El no-lugar se mantiene en pie sin cemento ni barrillas; en su lugar, usa las emociones de quien cae en sus garras. Obtiene el mantenimiento de los viejos rencores y anhelos que las personas guardaron durante años. Allí acuden las cosas que alguna vez terminaron y reverberan en el presente.
El silencio y las voces de los fantasmas se amplifican en Comala, y se parecen uno después del otro. En este ciclo sobrevive una certeza: no hay futuro ni descanso para los habitantes, solo queda una existencia en un perpetuo pasado.
¿Comala consume a quienes la habitan? ¿Necesita hacerlo para erigirse en medio del olvido como un monstruo? Se mantiene inmortal porque representa un dolor ancestral que, pese a estar entre los muertos, por momentos parece vivo. El pueblo traga a sus habitantes vivos y muertos para sobrevivir. La obra de Rulfo depreda la memoria y se convierte en un no-lugar habitable para cada lector que acuda a ella, a través de cualquier época pasada, presente y futura.
Una piedra que dejó de rodar
Susana San Juan abandonó a Pedro Páramo, se casó con Florencio para nunca volver. El cacique enloqueció de dolor por perder a la única mujer que amaba. En consecuencia, desató su rencor hacia el pueblo y sus propios hijos ilegítimos. La consecuencia de este odio hizo que él mismo y los pobladores perdieran su humanidad antes de convertirse en almas en pena.

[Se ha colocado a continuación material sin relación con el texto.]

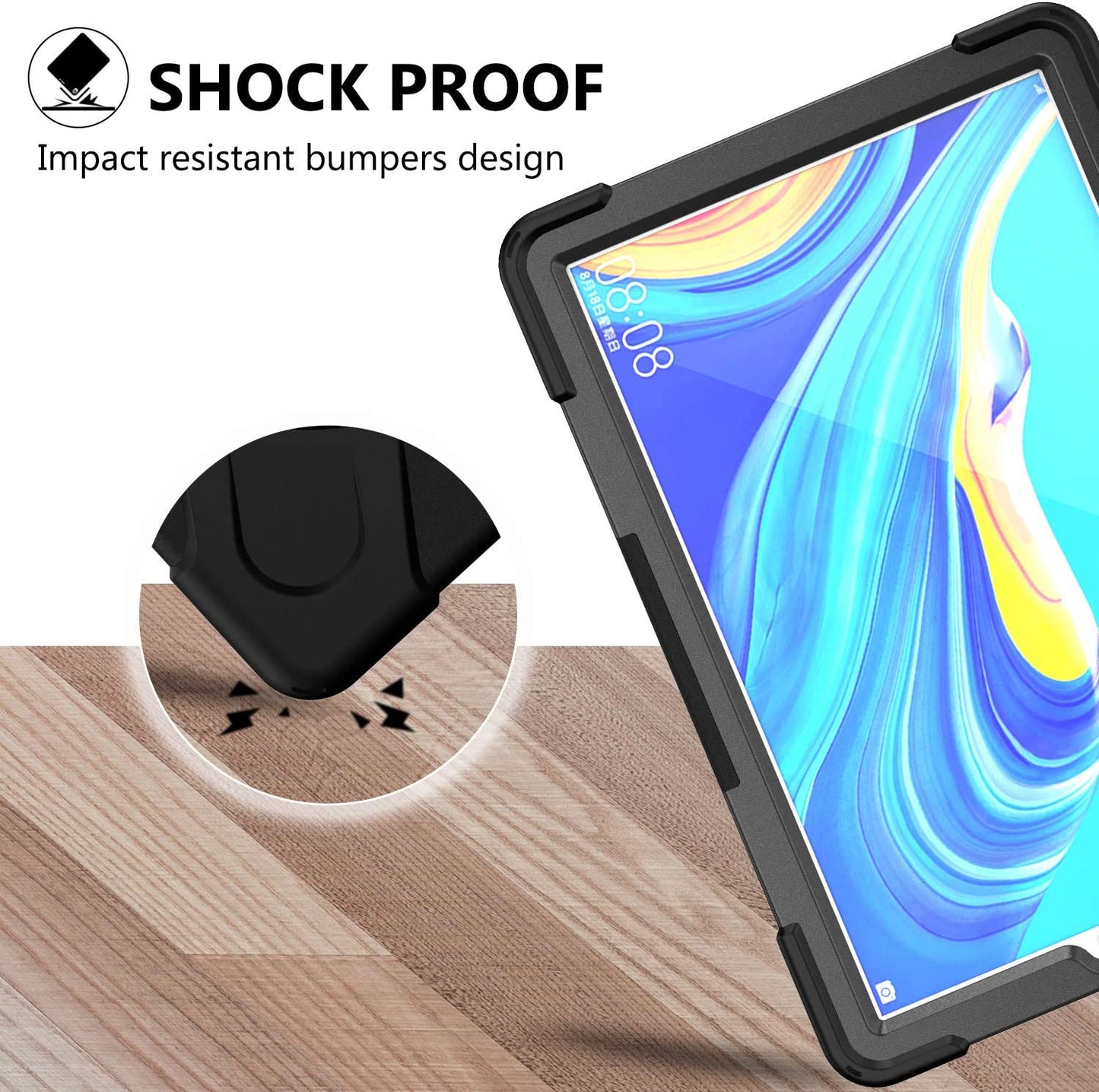 Case for Huawei MediaPad M6 10.8" & Huawei MatePad 10.8" 2020, Military Grade 15ft Drop Tested Shockproof Protective Cover with 360? Rotating Stand, Hand Strap and Shoulder Strap (Orange)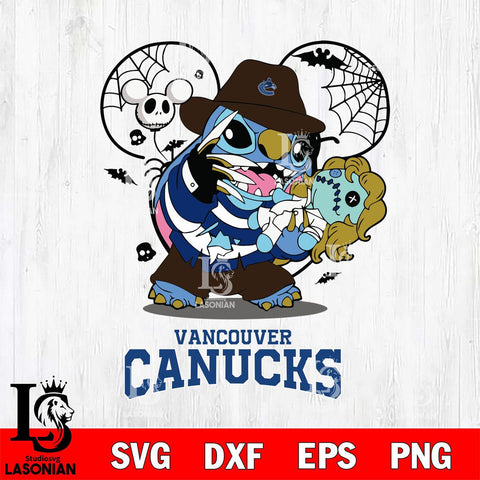 Vancouver Canucks Stitch Freddy Krueger Halloween Svg Eps Dxf Png File, Digital Download, Instant Download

Algunos fantasmas pueden embrujar por las noches con gritos de desesperación y remordimiento. Otros, se quedan a habitar por siempre los lugares que los cautivan, y quien camina en estos parajes, lo hace acompañado. Los fantasmas de Pedro Páramo pertenecen al primer tipo.
El cacique estableció la forma en que habitarían Comala: a través del dolor que a él mismo lo consumía y el silencio que invadió sus últimos días al saber que Susana San Juan nunca lo amó. Cuando murió, dio un golpe seco contra la tierra y se fue desmoronando como si fuera un montón de piedras, como explicó Abundio, quien lo mató.
Las ánimas, arraigadas al rencor y el odio, nunca se van. Ambos sentimientos desbordaron a Pedro Páramo, lo convirtieron en un ser absoluto que devoró el destino de quienes sometió. Incluso Dolores resintió las consecuencias y se llevó consigo cientos de fantasmas que la desbordaron.
Juan Preciado escuchó algunas historias con las que vivió su madre el resto de su vida. Sin una conexión con la muerte en su vida antes de llegar a Comala, fue arrastrado a las sombras por las almas cautivas del pueblo. El horror no mató al hombre, lo hizo la profunda tristeza de las historias condenadas a repetirse por siempre atadas a Pedro Páramo. Al morir, se transformó en una roca en la que los demás fantasmas fueron uno para nunca rodar.
Fuentes
Bellini, Giuseppe, “Función del silencio en Pedro Páramo”, disponible en https://www.cervantesvirtual.com/obra-visor/funcion-del-silencio-en-pedro-paramo–0/html/837e8d3f-00cb-4660-aae0-119aecf3a085_6.html
Lara Zavala, “Las ánimas de Rulfo”, disponible en https://www.uam.mx/difusion/casadeltiempo/82_nov_2005/casa_del_tiempo_num82_55_58.pdf
Nancy, Jean-Luc, Corpus, trad. de Patricio Bulnes, Madrid, Arena libros, 2003.
Rulfo Juan, Pedro Páramo, Madrid, Cátedra, 1986.
[1] Nancy, Jean-Luc (2003). Corpus. Arena libros. Traducción por Patricio Bulnes. Madrid. Página 78.